Berdasarkan sebab dan reaksi yang ditimbulkan, emosi dikelompokkan menjadi tiga, yaitu: a. Emosi yang berkaitan dengan perasaan (syaraf-syaraf jasmaniah), misalnya perasaan dingin, panas, hangat, sejuk dan sebagainya. Munculnya emosi seperti ini lebih banyak dirasakan karena faktor fisik diluar individu, misalnya cuaca, kondisi ruangan dan tempat dimana individu itu berada. b. Emosi yang berkaitan dengan kondisi fisiologis, misalnya sakit, meriang dan sebagainya. Munculnya emosi sepertinini lebih banyak dirasakan karena faktor kesehatan.
c. Emosi yang berkaitan dengan kondisi psikologis, misalnya cinta, rindu, sayang, benci dan sejenisnya. Munculnya emosi seperti ini lebih banyak dirasakan karena faktor hubungan dengan orang lain.
B. KARAKTERISTIK PERKEMBANGAN EMOSI REMAJA Masa remaja atau masa adolensia merupakan masa peralihan atau masa transisi antara masa anak ke masa dewasa. Pada masa ini individu mengalami perkembangan yang pesat mencapai kematangan fisik, sosial, dan emosi. Pada masa ini dipercaya merupakan masa yang sulit, baik bagi remaja sendiri maupun bagi keluarga dan lingkungannya.
Menurut Biehler (1972) dalam membagi ciri-ciri emosional remaja menjadi dua rentang usia, yaitu usia 12-15 tahun dan usia 15-18 tahun. 1. Ciri-ciri emosional usia 12-15 tahun a) Cenderung banyak murung dan tidak dapat diterka b) Bertingkah laku kasar untuk menutupi kekurangan dalam hal rasa percaya diri c) Kemarahan biasa terjadi d) Cenderung tidak toleran terhadap orang lain dan ingin selalu menang sendiri e) Mulai mengamati orang tua dan guru-guru mereka secara objektif 2. Ciri-ciri emosional remaja usia 15-18 tahun a) “Pemberontakan” remaja merupakan ekspresi dari perubahan yang universal dari masa kanak-kanak menuju dewasa b) Banyak remaja mengalami konflik dengan orang tua mereka c) Sering kali melamun, memikirkan masa depan mereka
Tugas utama perkembangan emosi remaja adalah membentuk rasa identitas yang realistis dan koheren (Erikson, dalam Dumitrescu, 2015), meskipun sekarang secara luas diakui bahwa pembentukan identitas tidak dimulai di masa remaja dan berakhir selama masa remaja.
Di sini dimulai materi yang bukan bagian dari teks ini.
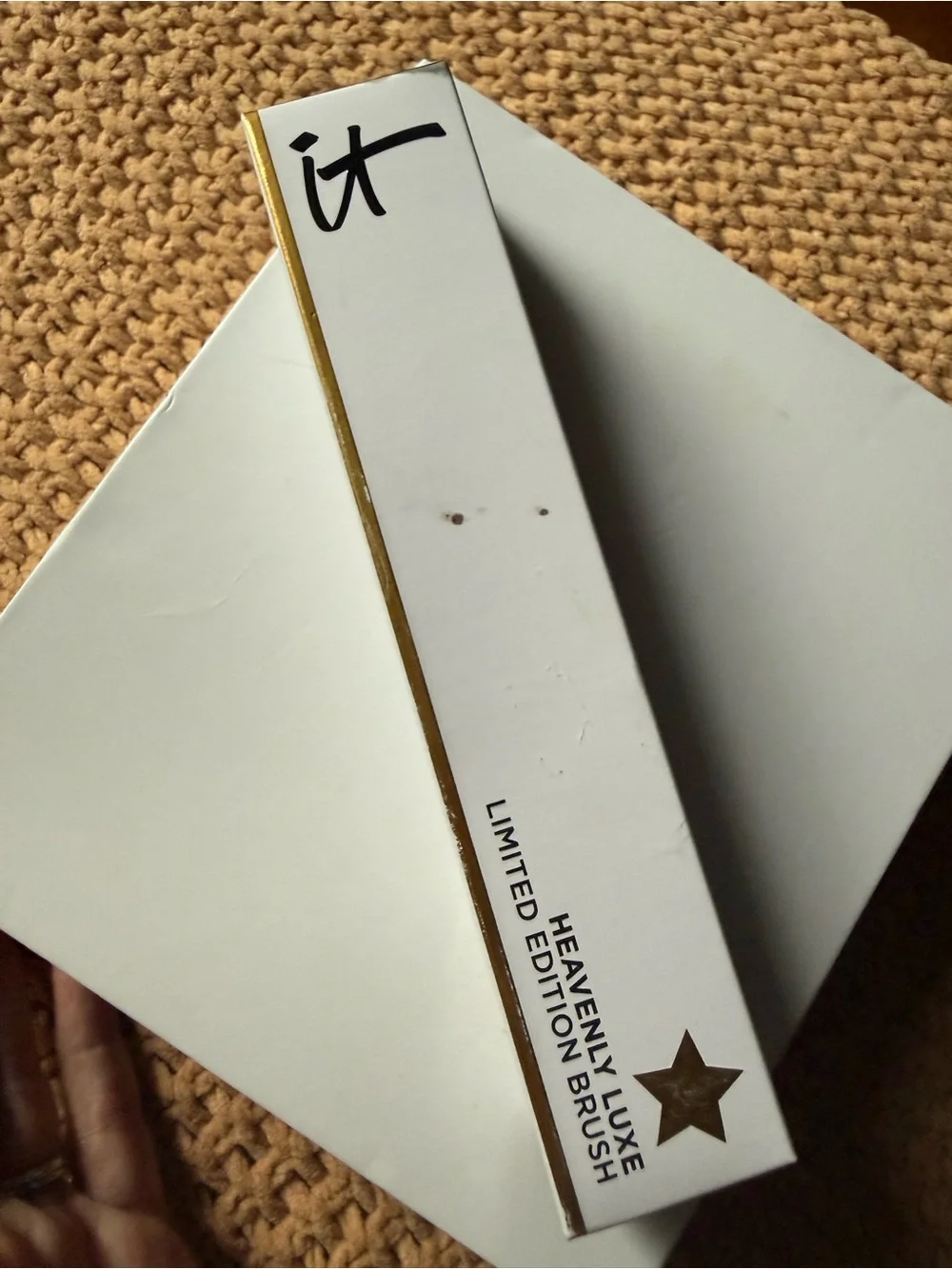 it cosmetics Limited Edition Makeup Brush in White & Gold Trim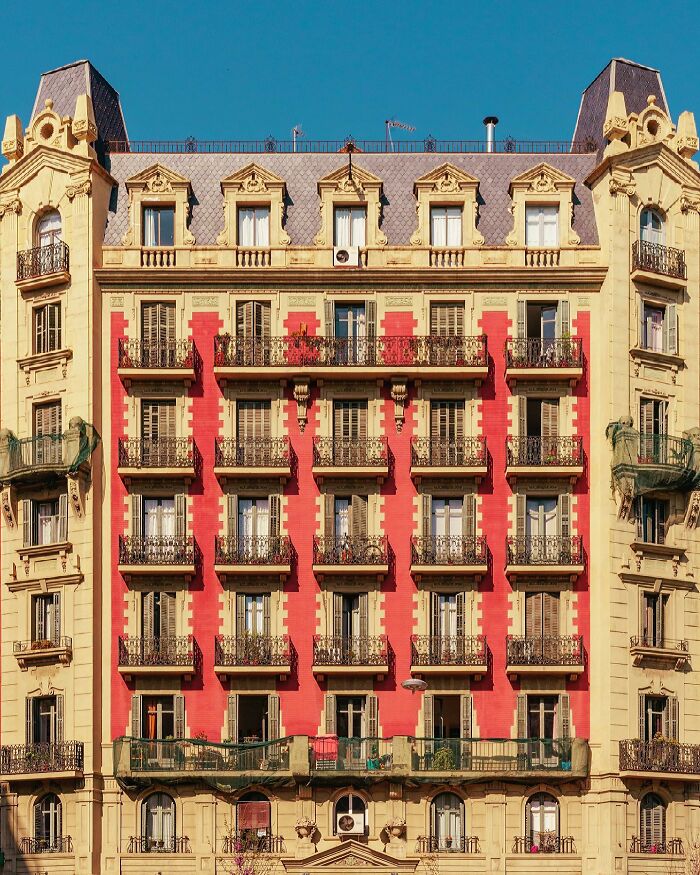This Photographer Turns 71 Must-See Architectural Locations Into Perfectly Composed Images This Photographer Turns 71 Must-See Architectural Locations Into Perfectly Composed Images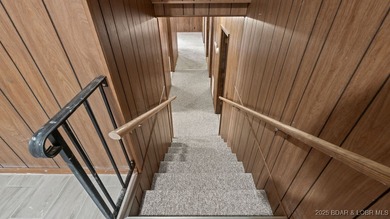 You read that right-a lake home on Horseshoe Bend with a garage - photo 33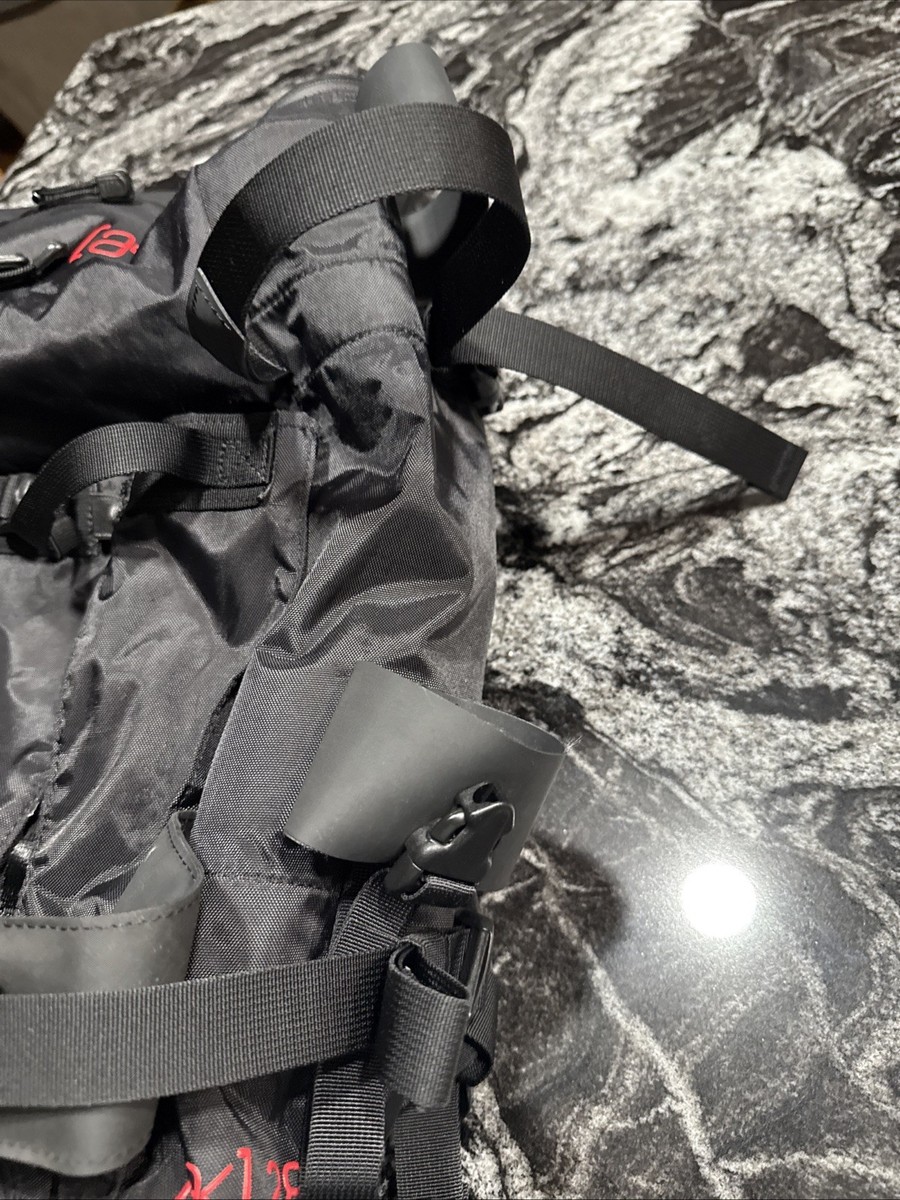 Burton AK 28L AUDEX Backpack Nylon Black Snowboard Ski Carry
Namun periode kehidupan ini adalah yang pertama, di mana orang memiliki kapasitas kognitif untuk secara sadar memilah siapa mereka dan apa yang membuat mereka unik (Kroger, dalam Dumitrescu 2015).
Identitas terdiri dari dua konsep: 1. Konsep diri: kumpulan keyakinan yang dimiliki seseorang tentang diri sendiri, tentang atribut seseorang (misalnya, tinggi, cerdas), peran dan tujuan (misalnya, karir yang diinginkan), minat, nilai, dan keyakinan (misalnya, agama, politik). 2. Harga diri atau mengevaluasi bagaimana perasaan seseorang tentang konsep diri seseorang. Di sini kita perlu membuat perbedaan antara harga diri "global", bagaimana perasaan kita tentang diri kita sebagai keseluruhan, dan harga diri "spesifik", atau seberapa kita menyukai bagian tertentu dari diri kita sendiri (misalnya, penampilan kita).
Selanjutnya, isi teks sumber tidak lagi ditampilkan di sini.